Problem statement:
Instruction for the entries below: return the part that opens with the line containing "Double Cloth SS" and closes with the line containing "パークスクエア郷原(2DK/3階)の間取り写真", exactly, and no pictures.

Materials provided:
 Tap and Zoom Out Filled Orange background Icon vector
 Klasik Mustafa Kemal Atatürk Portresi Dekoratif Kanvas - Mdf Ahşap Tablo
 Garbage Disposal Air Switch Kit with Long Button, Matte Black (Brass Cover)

---

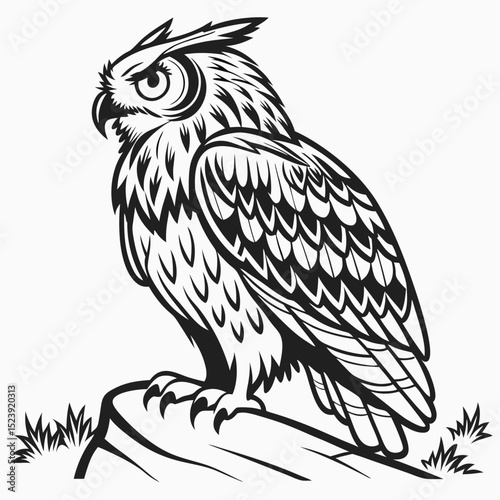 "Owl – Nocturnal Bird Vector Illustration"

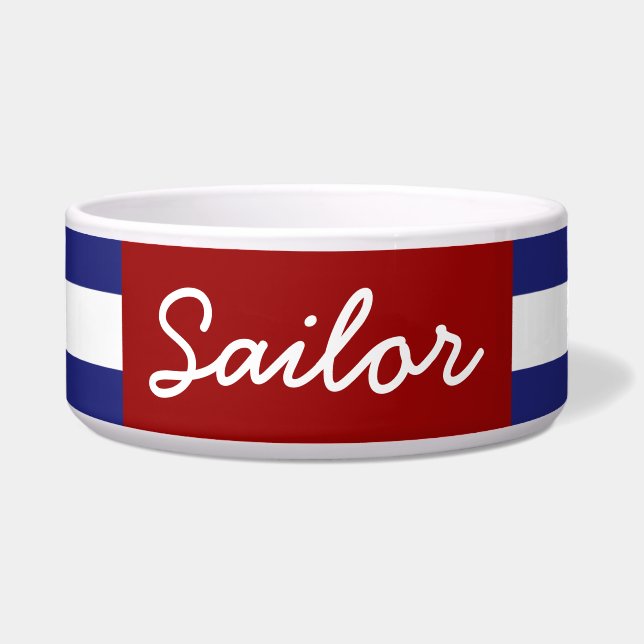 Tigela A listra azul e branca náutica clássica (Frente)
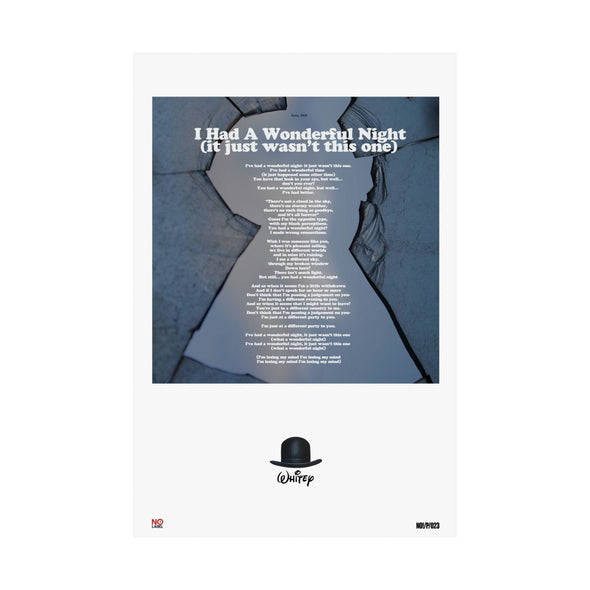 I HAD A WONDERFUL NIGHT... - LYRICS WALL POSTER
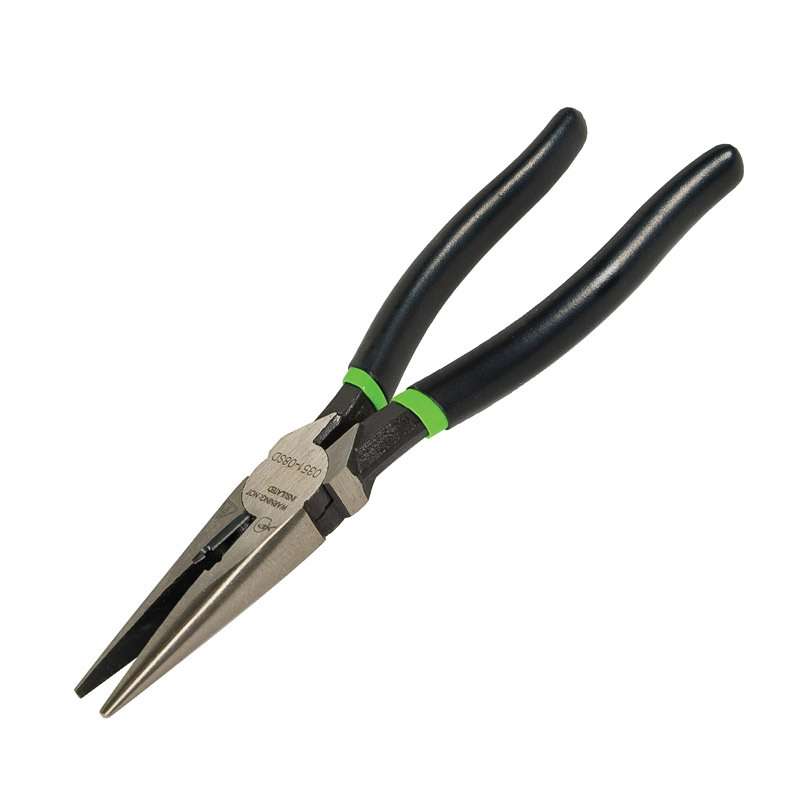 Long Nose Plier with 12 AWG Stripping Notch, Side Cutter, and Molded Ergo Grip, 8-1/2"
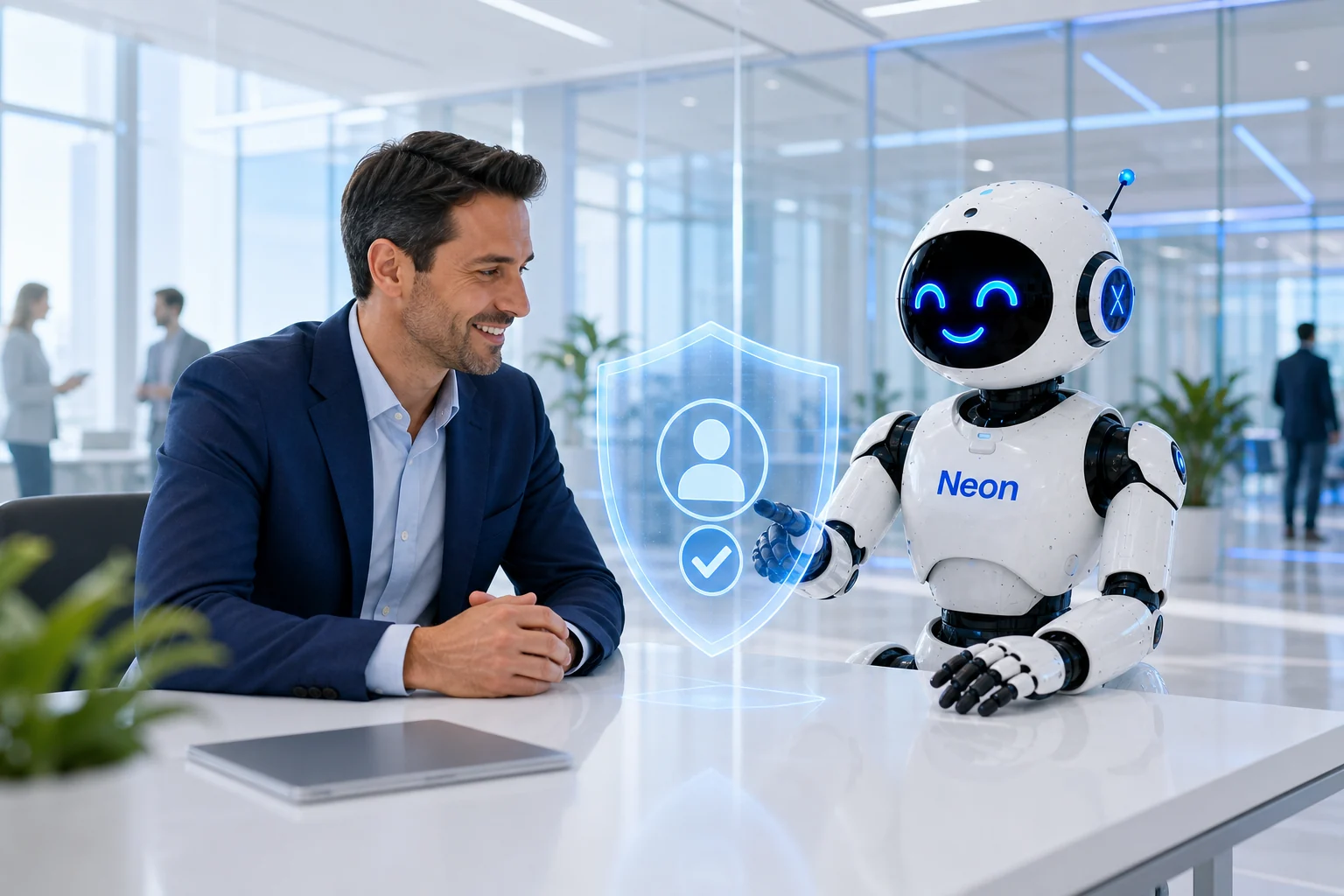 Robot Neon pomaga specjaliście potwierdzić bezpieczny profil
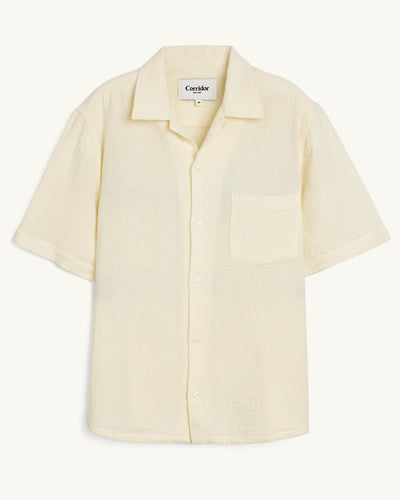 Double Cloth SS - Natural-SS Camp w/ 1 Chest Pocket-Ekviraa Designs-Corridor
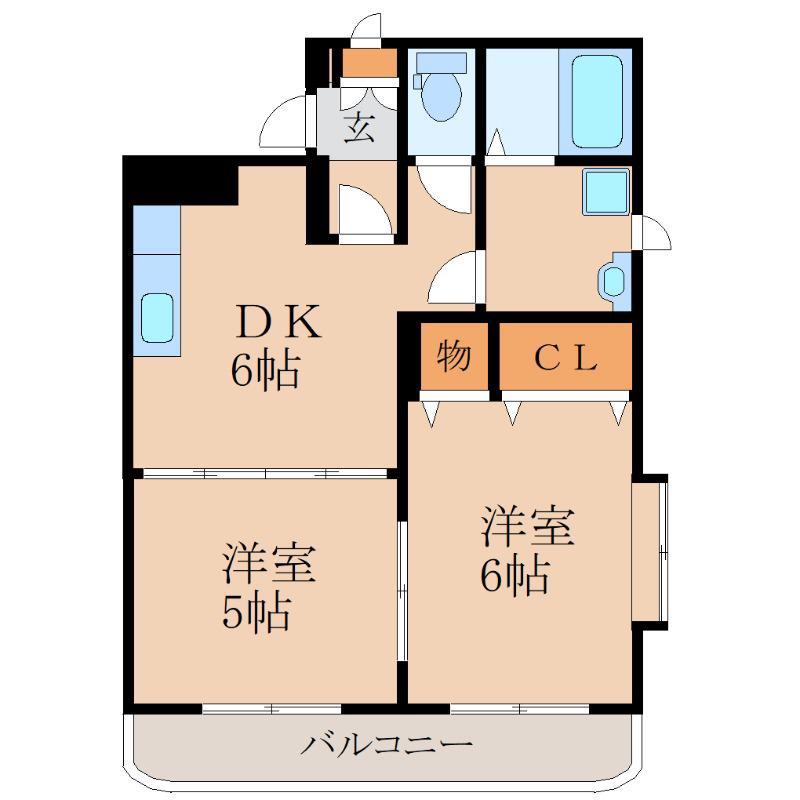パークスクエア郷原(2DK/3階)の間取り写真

--

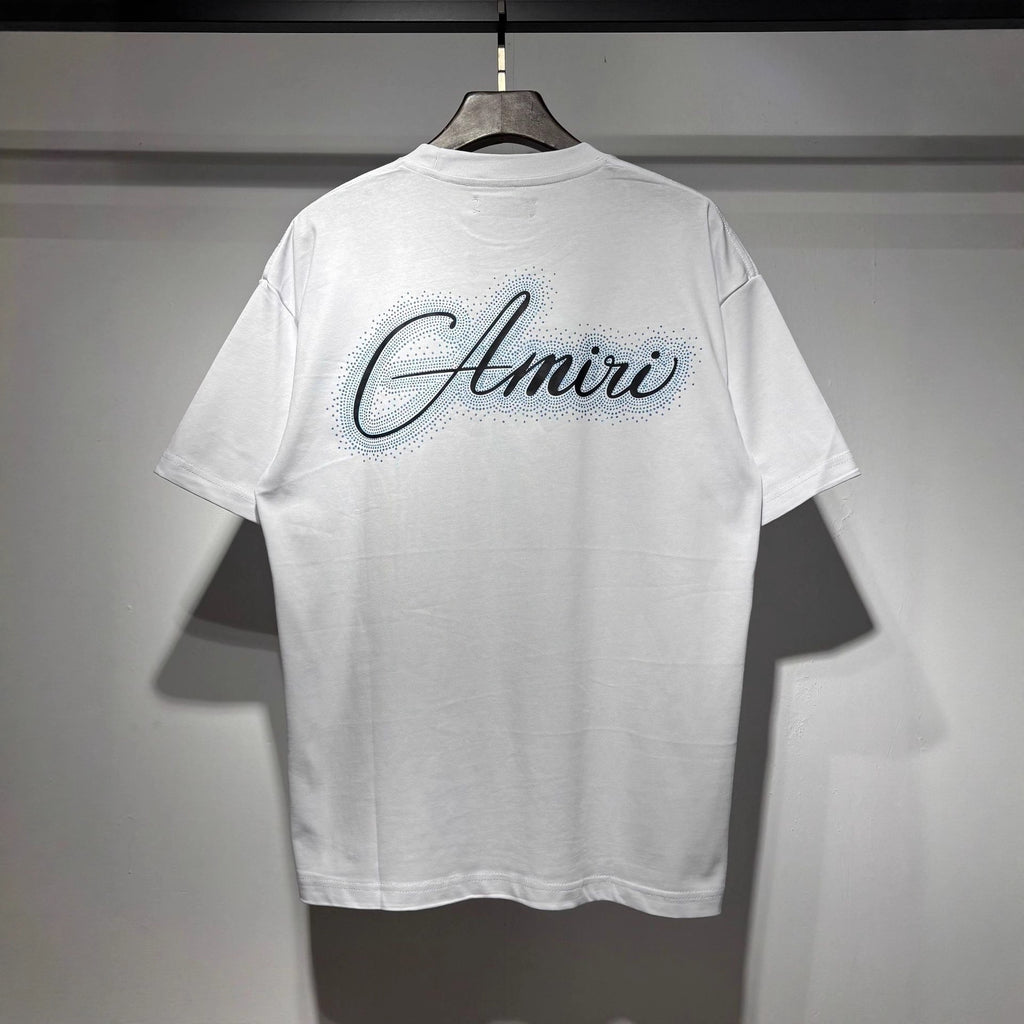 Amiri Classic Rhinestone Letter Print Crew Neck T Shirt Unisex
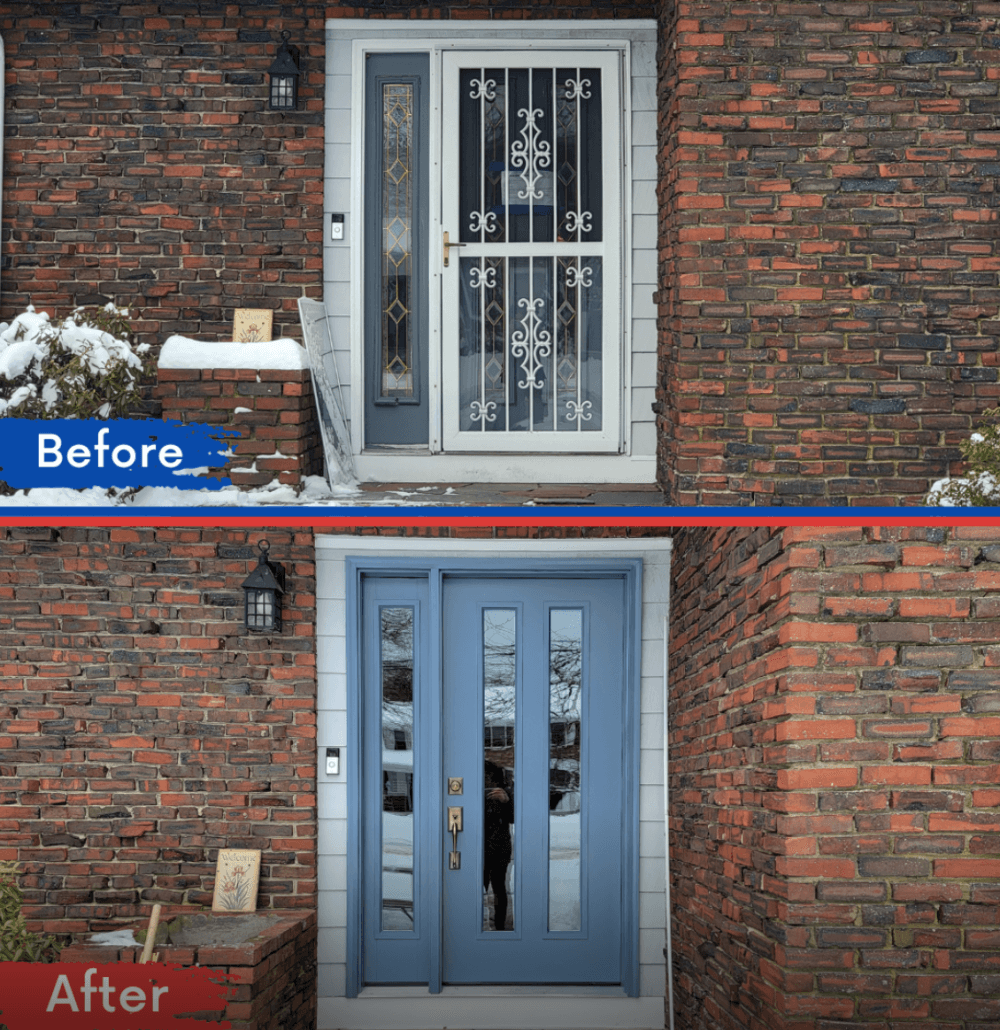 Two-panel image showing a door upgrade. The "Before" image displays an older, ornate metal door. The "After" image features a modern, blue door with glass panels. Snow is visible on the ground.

Output:
 Double Cloth SS - Natural-SS Camp w/ 1 Chest Pocket-Ekviraa Designs-Corridor
パークスクエア郷原(2DK/3階)の間取り写真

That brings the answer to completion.